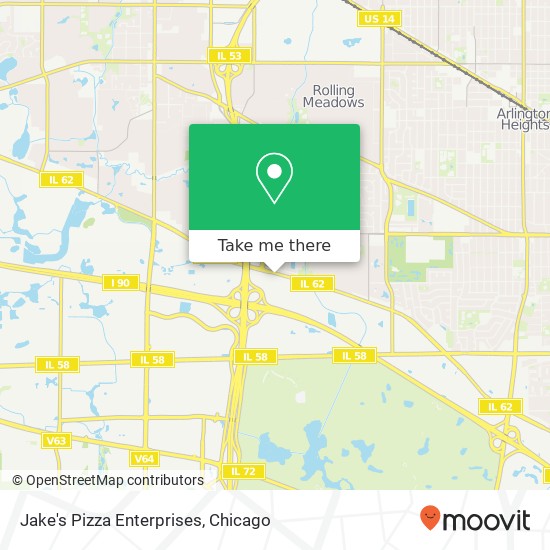 Mapa de Jake's Pizza Enterprises, 3501 Algonquin Rd Rolling Meadows, IL 60008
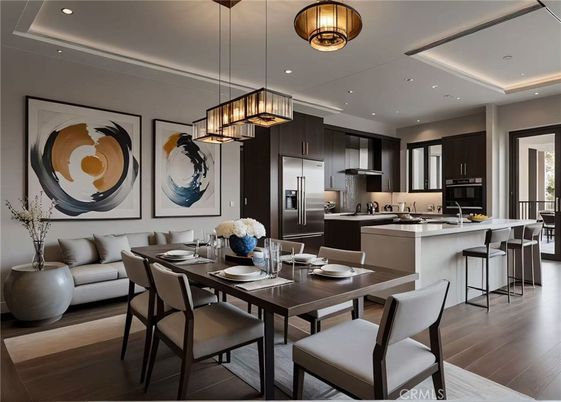 Dining room, Interior, Kitchen, Pendant Lights, Recessed Lighting, Stainless Steel Appliances, Wood Texture Flooring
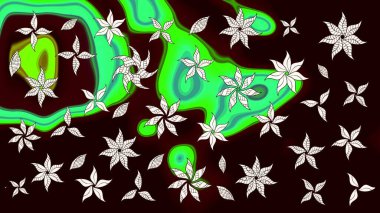 Etnik Mandala havlusu. Taslak süsleme izi. Raster Henna tarzı. Sınır Kızılderili çiçekli paisley patten. Tebrik kartı arkaplanı, boyama kitabı, arkaplan, tekstil için kullanılabilir.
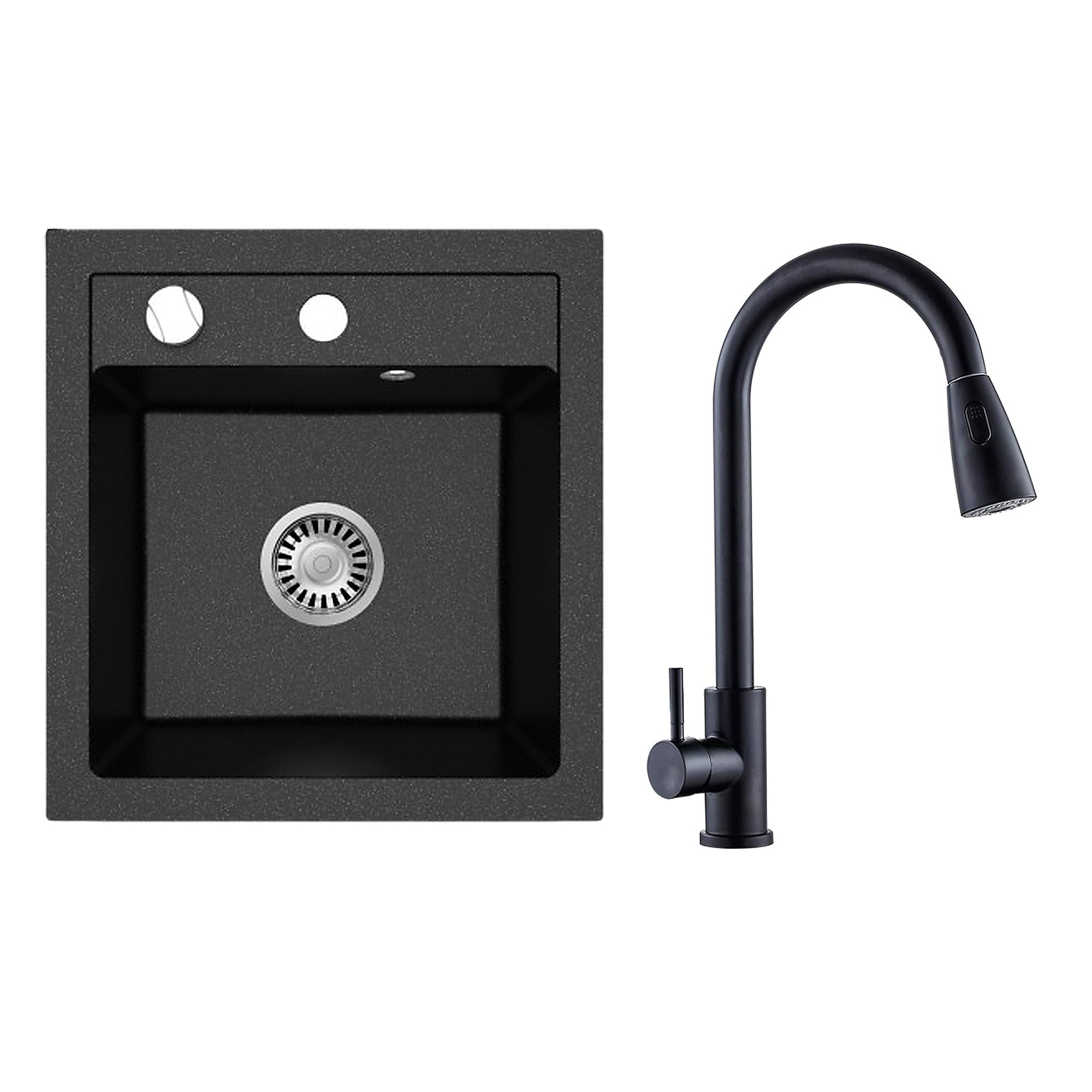 Faizee Home Granitspüle Milano 52 × 49 cm mit wählbarer Armatur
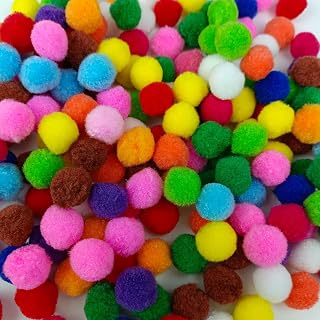 Pom Poms, 1 Inch Craft Pom Poms, Fuzzy Pompom Puff Balls for DIY Arts, Crafts Projects, Home Decorations（100Pcs）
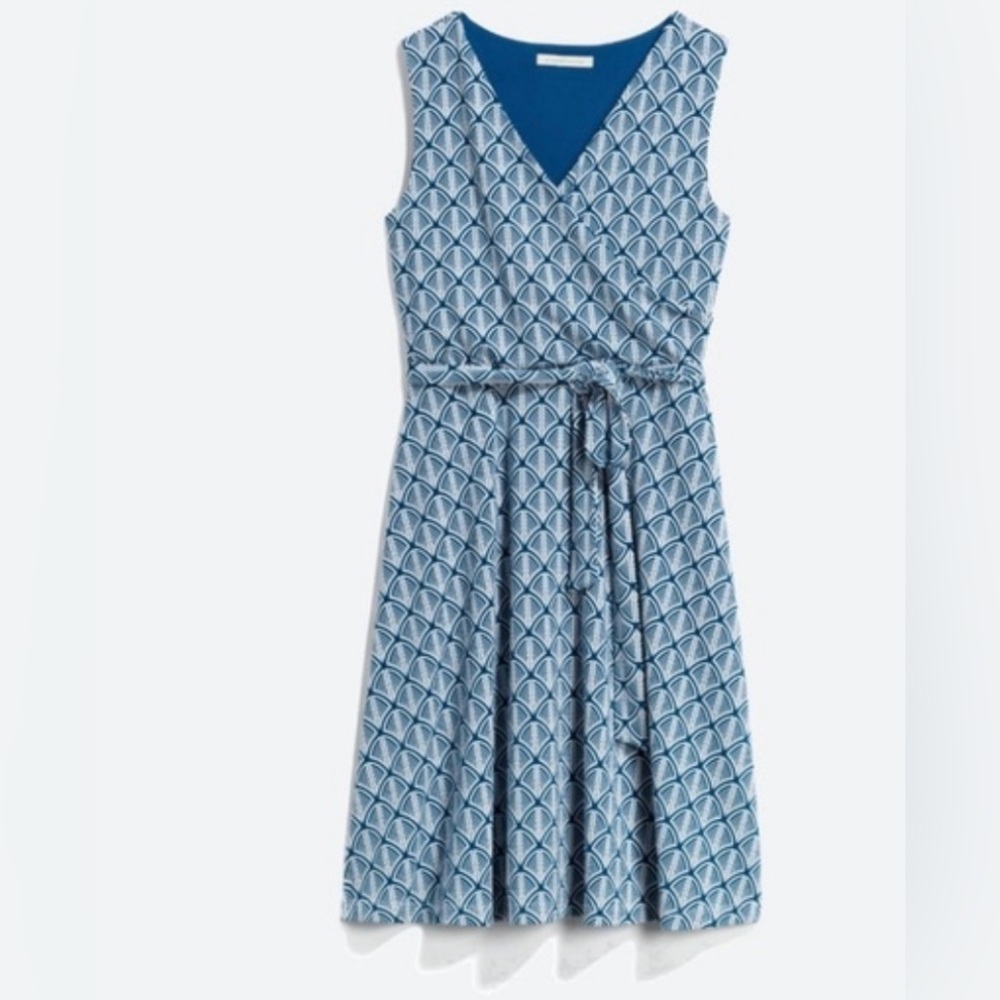 41 Hawthorn Lorene Faux Wrap Knit Dress. Sz S. Teal Green and White Print. NWT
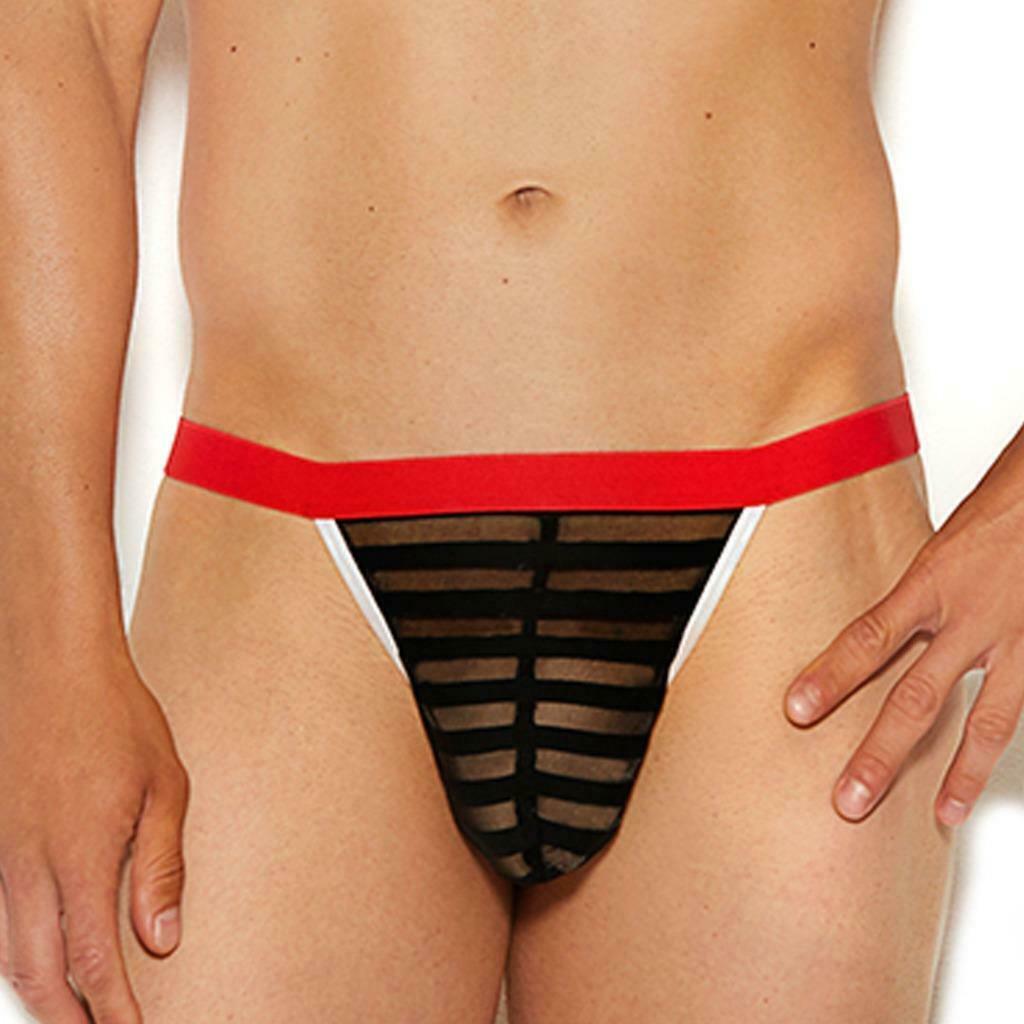 Mens Striped Mesh G String Pouch Sheer Stretch Contrast Trim Elastic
++++++
--- Your instructions ---
From the line holding "Etnik Mandala havlusu." through the last line of the material above, each line should be written out exactly, both included; omit the pictures.

--- Your response ---
 Etnik Mandala havlusu. Taslak süsleme izi. Raster Henna tarzı. Sınır Kızılderili çiçekli paisley patten. Tebrik kartı arkaplanı, boyama kitabı, arkaplan, tekstil için kullanılabilir.
 Faizee Home Granitspüle Milano 52 × 49 cm mit wählbarer Armatur
 Pom Poms, 1 Inch Craft Pom Poms, Fuzzy Pompom Puff Balls for DIY Arts, Crafts Projects, Home Decorations（100Pcs）
 41 Hawthorn Lorene Faux Wrap Knit Dress. Sz S. Teal Green and White Print. NWT
 Mens Striped Mesh G String Pouch Sheer Stretch Contrast Trim Elastic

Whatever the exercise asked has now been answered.